Jonathan B. Bunce, whose career was summarized in the account of the reorganization of the Phoenix Mutual Life in 1889, resigned as president of that company in 1904, when he was chosen president of the Society for Savings, but was prevailed upon to remain as chairman of the board. John M. Holcombe, vice president and so long associated with Mr. Bunce in advanc- ing the company, was the choice for his successor.


The changes taking place in insurance were not so conspicuous as those in industry, transportation, commerce and general finance, but they were hardly less radical or significant. The fire companies were approaching a more nearly scientific system and extending their coverage far beyond what even the progressives of the nineteenth century could have thought possible; the life companies were exploring new fields successfully and making their branch, in various ways, more impressive-devising how to make it feasible that more men provide protection for their families, their homes, their business and their fortunes. From the old 4 per cent reserve basis, the life companies had dropped to 31/2 per cent and now were coming down to 3 per cent. That was index of the estimate of the most solemnly responsible financiers of the day. They were calculating that a financial cycle of lower interest rates had been entered into; that premiums then charged must be calculated on reserves that always would earn an interest item no less than that at the time of writing the policies; that many of these policies or the special payments under their provisions would run on indefinitely into the future, and that altogether sufficient reserves must be built up to make a 3 per cent earning ample. It was a quarter of a century before larger interest earn- ings were to cause among conservatives a drift toward the old basis. At that period, insurance, in its energy and compre- hensiveness, was to be as little like that of 1900 as the automobile was like the bicycle or gas like electricity.


XXXVI


NEW CONSTITUTION NOT WANTED


SENTIMENT OPPOSED TO CHANGE INSISTED UPON BY MANY IN CONVEN- TION - CAUSES OF GENERAL CONFUSION - NEW ARMORY - IN CHURCHES AND SCHOOLS.
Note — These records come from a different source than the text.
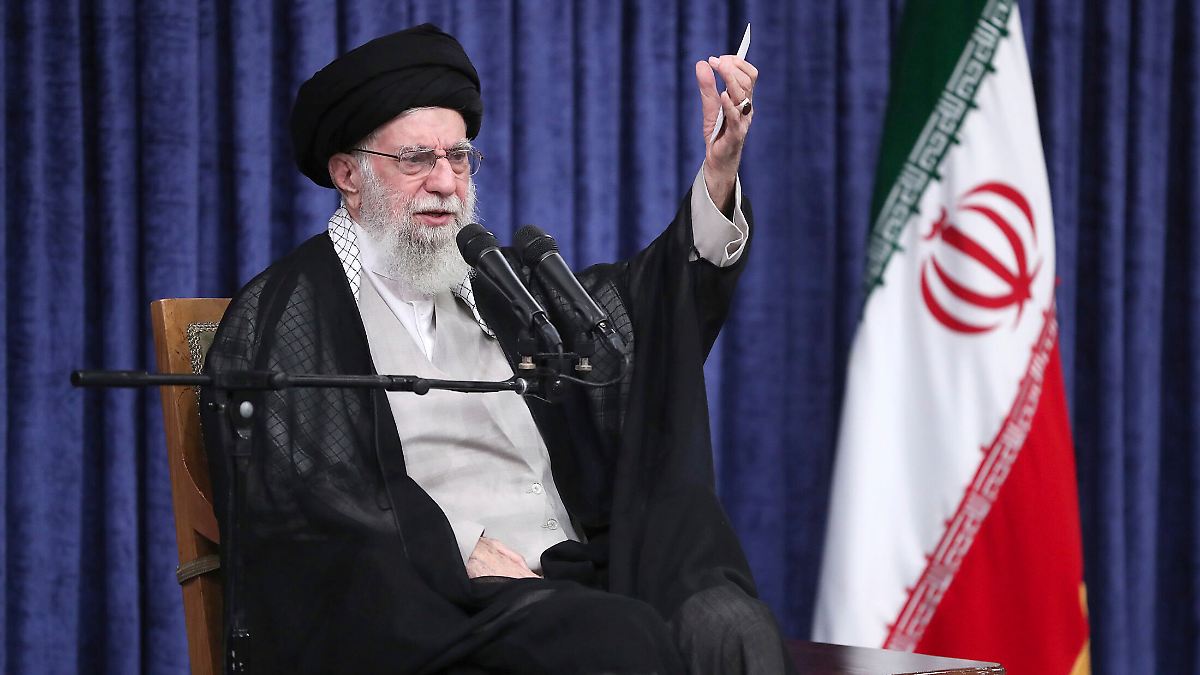 Chamenei weint Krokodilstränen: Trump dringt auf Machtwechsel im Iran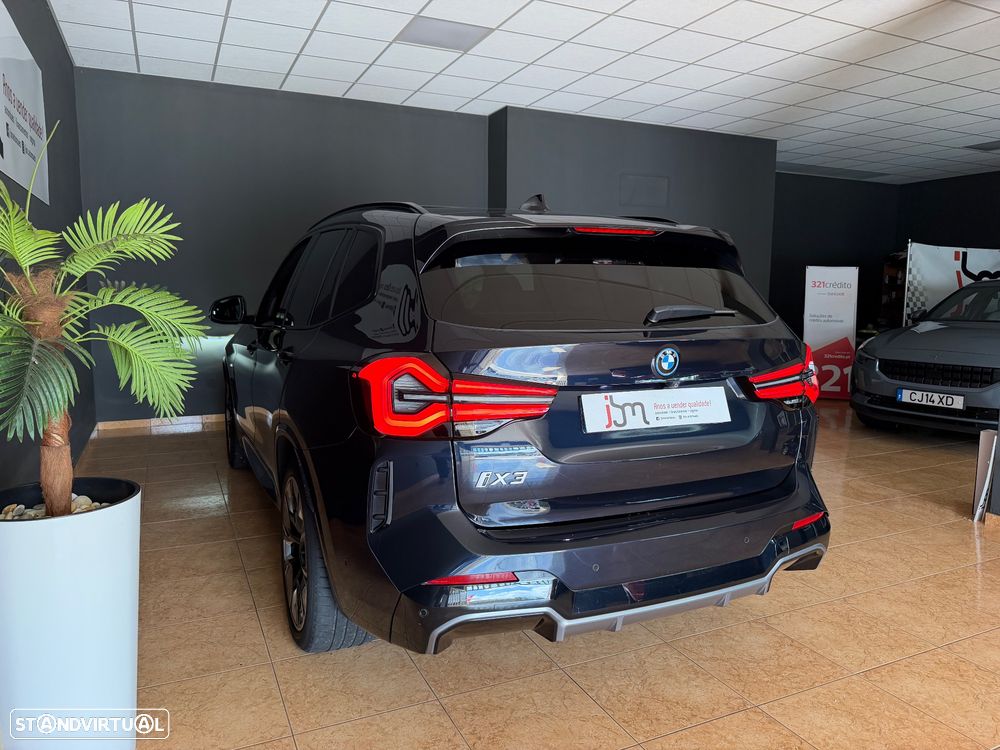 BMW iX3 M Sport Impressive - 24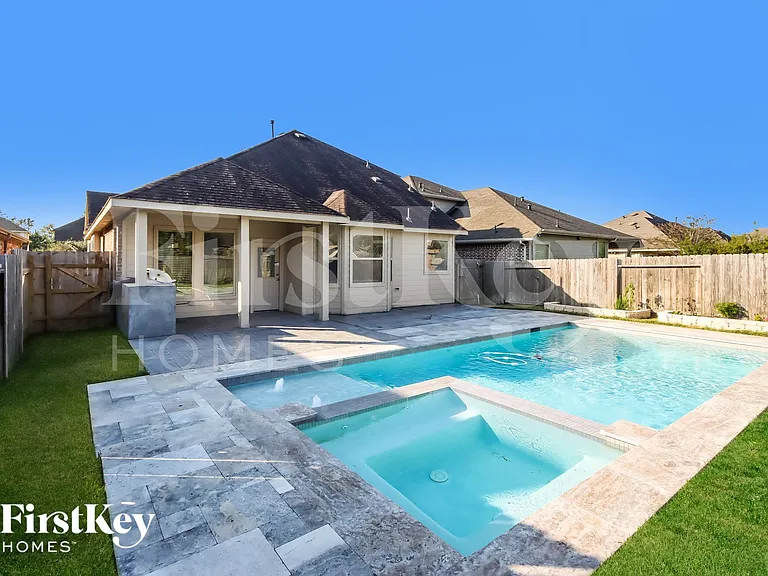 13207 Clover Creek Point Ln — Photo 15
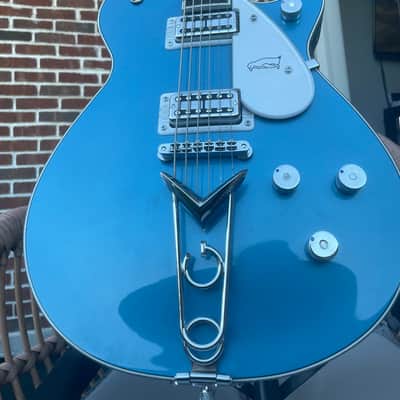 Gretsch Custom Shop Masterbuilt G6134CST Baritone Penguin NOS Lake Placid Blue With Case image 9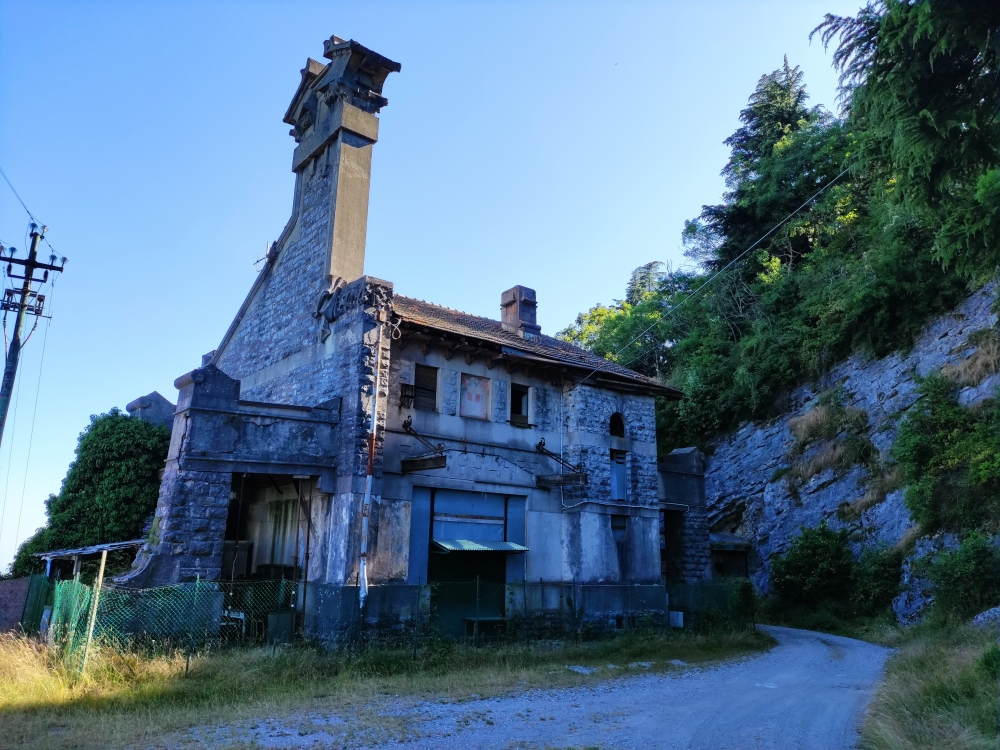 Wanderung Monte Tre Croci: Wanderung Monte Tre Croci: Die ehemalige Bergstation (Funicolare Campo dei Fiori)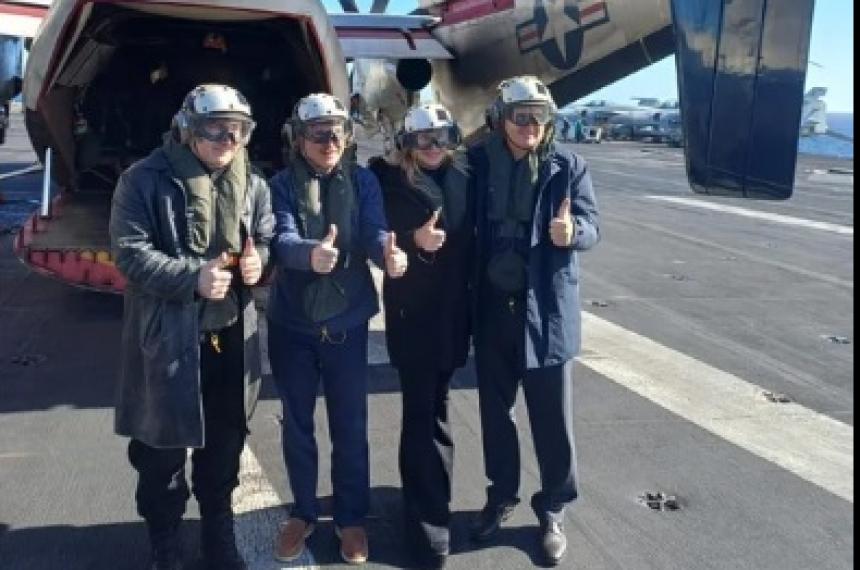 El presidente Javier Milei en el portaaviones norteamericano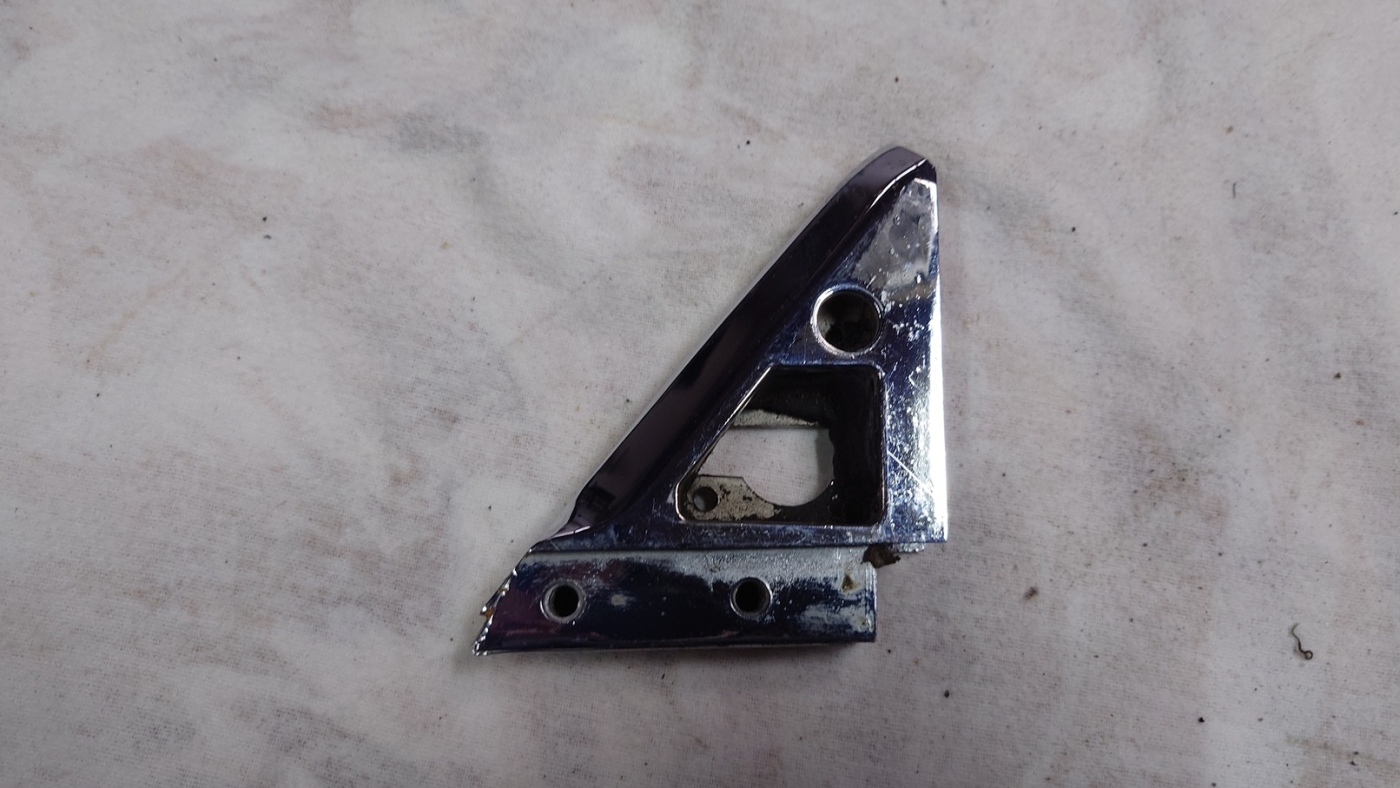 Chrom Spiegeldreieck 1te Serie, links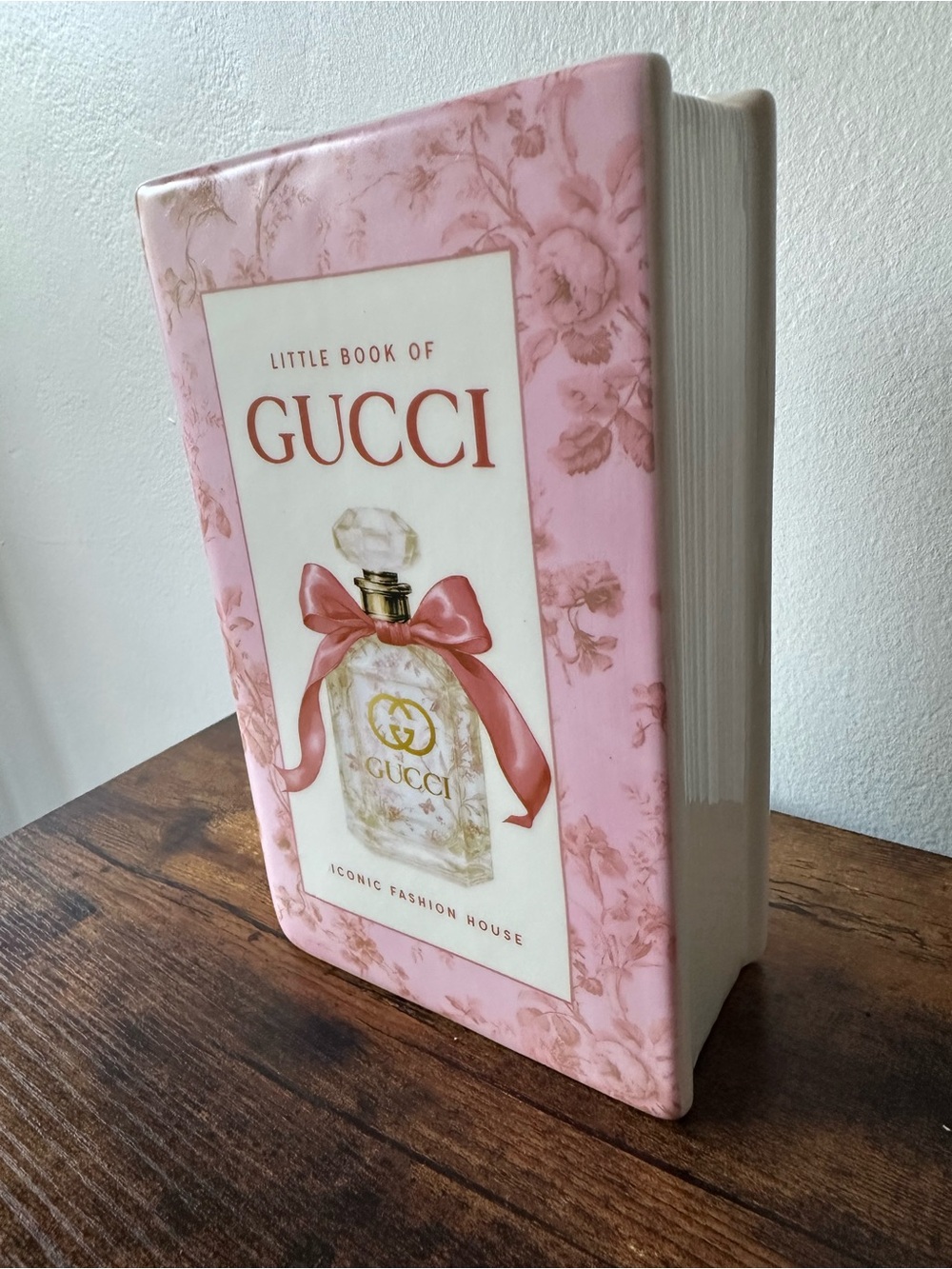 Luxury Designer Home Decor Flower Vase Ceramic Book Style Pink Lux Perfume NWT - Picture 2 of 6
One does not have to go deeply into the records to find that in the joyous zest of the new living there was not popular will to break with the old, at least in governmental affairs. What with the spirit of change and the opening up of unsuspected vistas, it might seem in retrospection that the beginning of the century was preeminently the time for changing the state's Constitution. But those now living who participated in the effort to bring about the change know that there was no such special selection. Into such error can retrospection lead us. Neither print nor verbal tradition may reveal the fact to the superficial student of history that all these changes in what goes to make up the life of the people, swift as they actually were as items in the history that deals with long periods, were in reality almost imperceptible to the body of the actors on the stage. They jangled their bells and drank their toasts at midnight of December 31, 1900, and then went their ways. They were busy or were absorbed in family or neighborhood affairs.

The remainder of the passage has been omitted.